Unit 3: Reading and Writing SDMX Datasets

In this unit, we'll cover reading and writing SDMX datasets using pysdmx in SDMX-CSV 2.0 and SDMX-ML 2.1 formats.

Introduction to reading and writing SDMX datasets

Reading and writing SDMX datasets is a core functionality of any SDMX library.

Select each option below to learn more about some considerations.

Pysdmx allows you to read and write SDMX datasets in the following formats:

SDMX-CSV 2.0 (located in pysdmx.io.csv.sdmx20)
SDMX-ML 2.1 (located in pysdmx.io.xml.sdmx21)
SDMX-ML 2.1 Structure Specific

Currently, all data-related readers and writers are based on PandasDataset class.
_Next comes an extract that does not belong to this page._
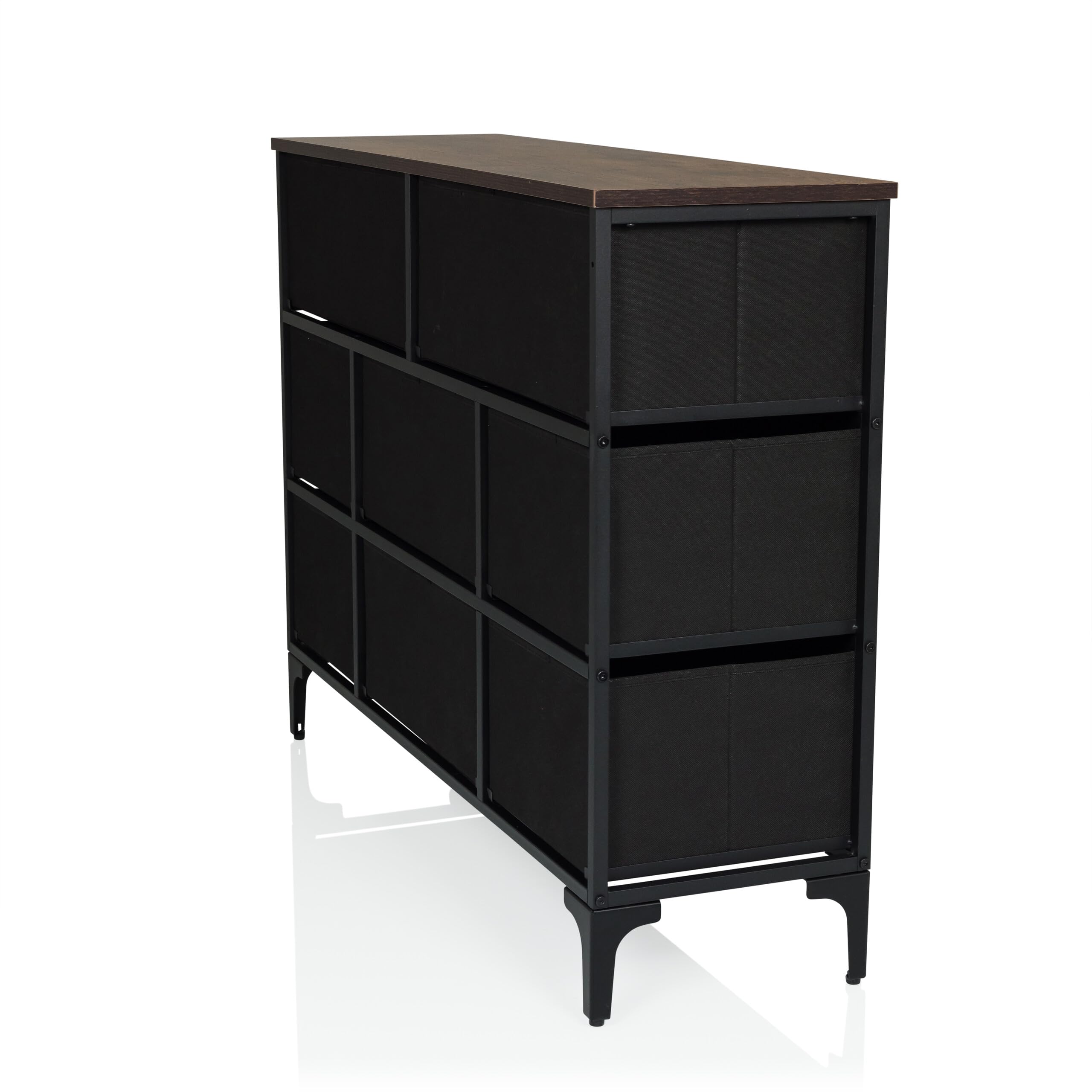 Kommode mit 8 Schubladen aus Vlies AMERIKO B 102,5x30x77,5 cm Schubladenschrank im Vintage-Look mit Motiven, Metall-Gestell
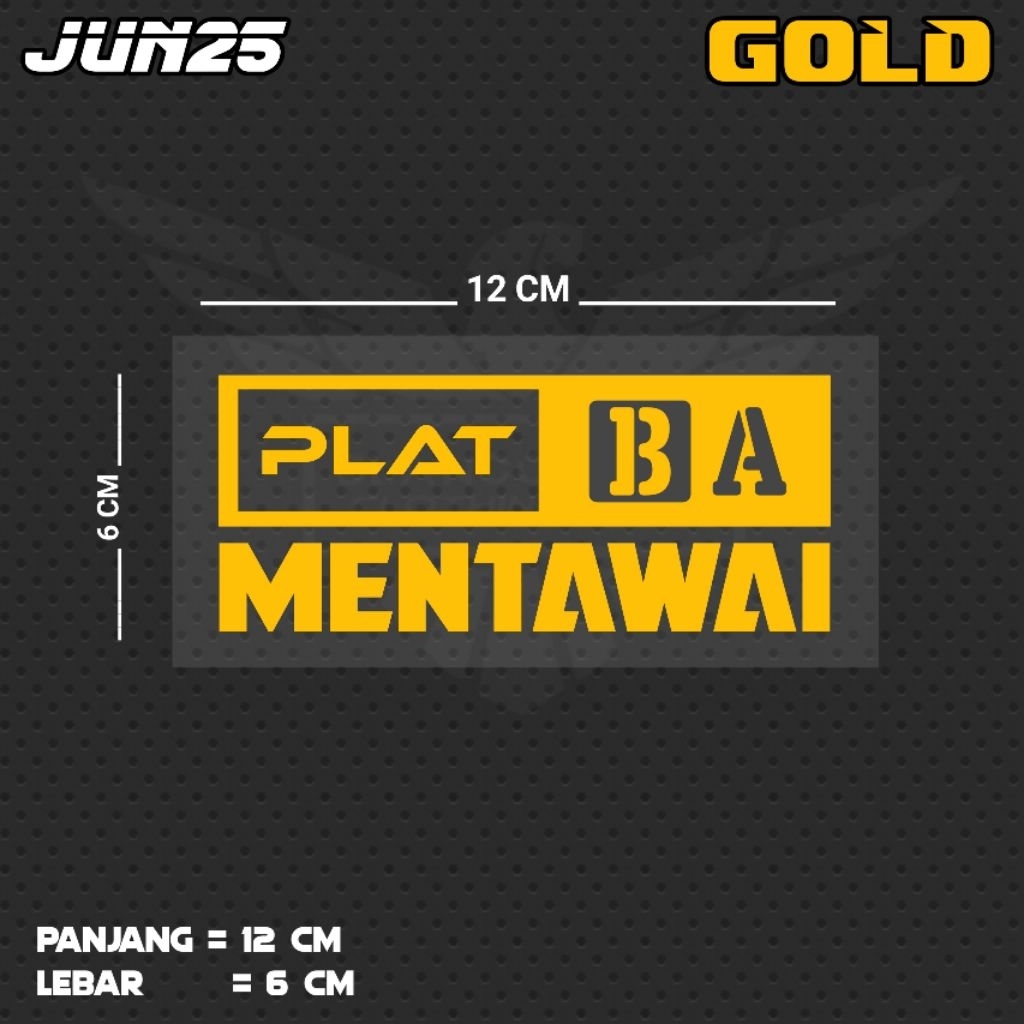 MENTAWAI PLATE WRITING CUTING STICKER | JUN25 SB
One key advantage of and differentiator of pysdmx is the ability to read datasets from a range of data sources – local file, URL, or API.

Reading data

To read data, the read_sdmx function or the get_datasets functions are recommended:

pysdmx.io.read_sdmx(sdmx_document, validate=True)

Reads any SDMX message and returns a dictionary.

Parameters:

sdmx_document (Union[str, Path, BytesIO]) – Path to file (pathlib.Path), URL, or string.
validate (bool) – Validate the input file (only for SDMX-ML).

Return type: Message
Returns: A dictionary containing the parsed SDMX data or metadata.
Raises:

Invalid – If the file is empty or the format is not supported.

A typical example to read data from a file, a string or a buffer, using read_sdmx:

from pysdmx.io import read_sdmx

# A simple pysdmx example to call a registry.
file_path = Path(\_\_file\_\_).parent / "sample.csv"

#Read from file
data_msg = read_sdmx(file_path)

#Read from URL
data_msg = read_sdmx("https://example.com/sample.csv")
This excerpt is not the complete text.